Собеседники невольно перевели взгляд на его избитые ноги, искусанное мошкарой и иссушенное ветрами тело.
— У вас сильная воля, — с уважением сказала Изабелла. — Не каждый так сразу решится переменить свою жизнь.
— Эх, где она была, эта воля, когда я семью мучил!? — в сердцах воскликнул Иннокентий. — Детишки из-за меня света белого не видели; жену раньше времени старухой сделал… Как с этим жить? Как исправить?
— Ну, пока люди живы, многое исправимо, — философски заметил господин, не выпускавший чётки из рук.
— Вы думаете? — с надеждой спросил Иннокентий.
— Раз господин Февралий так говорит, значит, это истинная правда, — заверил его Бажен, преданно глядя на своего хозяина. По всему было видно, что он не лукавит.
За разговорами никто не заметил, как приблизился рассвет. Мгла трусливо забилась в ущелье, и таинство рождения нового дня начало своё действо.

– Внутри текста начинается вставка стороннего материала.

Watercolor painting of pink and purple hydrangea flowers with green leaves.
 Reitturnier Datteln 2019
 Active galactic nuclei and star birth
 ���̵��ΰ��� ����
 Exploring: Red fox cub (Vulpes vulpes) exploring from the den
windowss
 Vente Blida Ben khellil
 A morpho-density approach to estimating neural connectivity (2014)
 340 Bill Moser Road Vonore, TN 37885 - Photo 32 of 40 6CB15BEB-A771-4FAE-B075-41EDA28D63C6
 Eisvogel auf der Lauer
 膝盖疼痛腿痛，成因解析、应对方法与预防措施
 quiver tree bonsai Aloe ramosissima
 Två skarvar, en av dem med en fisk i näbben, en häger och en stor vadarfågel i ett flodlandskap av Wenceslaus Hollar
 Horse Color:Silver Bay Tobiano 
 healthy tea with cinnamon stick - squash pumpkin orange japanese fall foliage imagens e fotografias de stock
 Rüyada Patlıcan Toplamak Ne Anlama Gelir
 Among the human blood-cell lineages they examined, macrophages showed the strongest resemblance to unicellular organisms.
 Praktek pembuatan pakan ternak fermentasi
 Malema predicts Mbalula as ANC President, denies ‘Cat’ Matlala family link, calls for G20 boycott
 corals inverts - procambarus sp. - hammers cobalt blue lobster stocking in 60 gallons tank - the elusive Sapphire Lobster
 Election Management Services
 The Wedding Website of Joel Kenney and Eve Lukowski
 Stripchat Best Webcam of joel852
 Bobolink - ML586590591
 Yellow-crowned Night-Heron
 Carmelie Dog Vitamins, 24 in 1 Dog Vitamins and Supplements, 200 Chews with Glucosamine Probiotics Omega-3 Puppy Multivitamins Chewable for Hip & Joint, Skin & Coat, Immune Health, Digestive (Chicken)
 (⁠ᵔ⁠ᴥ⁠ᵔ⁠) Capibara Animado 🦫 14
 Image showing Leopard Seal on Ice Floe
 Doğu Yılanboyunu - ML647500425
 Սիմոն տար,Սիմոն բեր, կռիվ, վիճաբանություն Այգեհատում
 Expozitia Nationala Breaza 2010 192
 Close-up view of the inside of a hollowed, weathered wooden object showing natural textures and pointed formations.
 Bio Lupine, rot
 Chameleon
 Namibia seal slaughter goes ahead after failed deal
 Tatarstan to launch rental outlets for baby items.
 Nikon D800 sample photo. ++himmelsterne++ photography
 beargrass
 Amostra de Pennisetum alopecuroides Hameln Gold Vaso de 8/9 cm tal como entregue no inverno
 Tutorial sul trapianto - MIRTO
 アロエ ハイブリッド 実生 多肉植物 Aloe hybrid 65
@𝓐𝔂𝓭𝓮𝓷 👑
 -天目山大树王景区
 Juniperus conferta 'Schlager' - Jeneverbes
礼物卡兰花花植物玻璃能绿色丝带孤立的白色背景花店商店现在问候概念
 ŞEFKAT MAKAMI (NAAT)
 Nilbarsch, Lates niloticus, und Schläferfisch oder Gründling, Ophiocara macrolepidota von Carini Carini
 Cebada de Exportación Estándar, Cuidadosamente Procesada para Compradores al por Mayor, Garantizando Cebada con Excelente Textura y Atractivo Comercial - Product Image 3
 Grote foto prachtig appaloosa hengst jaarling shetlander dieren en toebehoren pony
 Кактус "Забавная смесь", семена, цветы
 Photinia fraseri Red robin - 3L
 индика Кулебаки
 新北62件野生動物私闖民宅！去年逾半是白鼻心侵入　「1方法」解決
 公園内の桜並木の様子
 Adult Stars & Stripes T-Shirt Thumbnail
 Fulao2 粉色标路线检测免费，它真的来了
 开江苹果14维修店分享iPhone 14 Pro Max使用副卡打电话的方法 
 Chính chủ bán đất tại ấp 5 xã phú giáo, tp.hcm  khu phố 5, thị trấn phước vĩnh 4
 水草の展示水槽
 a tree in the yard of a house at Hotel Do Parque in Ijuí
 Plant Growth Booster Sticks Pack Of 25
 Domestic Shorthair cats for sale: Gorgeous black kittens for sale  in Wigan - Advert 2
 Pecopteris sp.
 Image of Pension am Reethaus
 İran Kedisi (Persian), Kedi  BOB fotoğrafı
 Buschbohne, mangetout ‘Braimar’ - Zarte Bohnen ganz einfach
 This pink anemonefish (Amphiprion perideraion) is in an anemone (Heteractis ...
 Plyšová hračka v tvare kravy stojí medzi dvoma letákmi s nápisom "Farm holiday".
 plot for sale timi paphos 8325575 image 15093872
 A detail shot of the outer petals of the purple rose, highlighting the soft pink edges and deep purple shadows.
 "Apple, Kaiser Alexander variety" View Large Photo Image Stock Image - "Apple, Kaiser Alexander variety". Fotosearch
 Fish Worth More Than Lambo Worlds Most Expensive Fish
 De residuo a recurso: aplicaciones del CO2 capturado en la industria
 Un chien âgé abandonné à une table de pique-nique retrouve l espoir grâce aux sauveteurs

— Пора, однако, в путь! — решительно заявил Февралий.
Засобирались и остальные. Никто ещё не знал, что когда-нибудь, в нужный час, их дороги снова пересекутся. Но пока перед ними лежала пустыня, и каждый должен был преодолеть её сам, без посторонней помощи и участия.
[1] Меццо-сопрано — женский певческий голос с сочным и бархатистым звучанием, редко встречающийся в природе. — Примеч. авт.
[2] Вердугос — нижняя юбка, плотно натянутая на каркас из металла или тростника, который представлял собой ряд обручей. Носили её только аристократки. — Примеч. авт.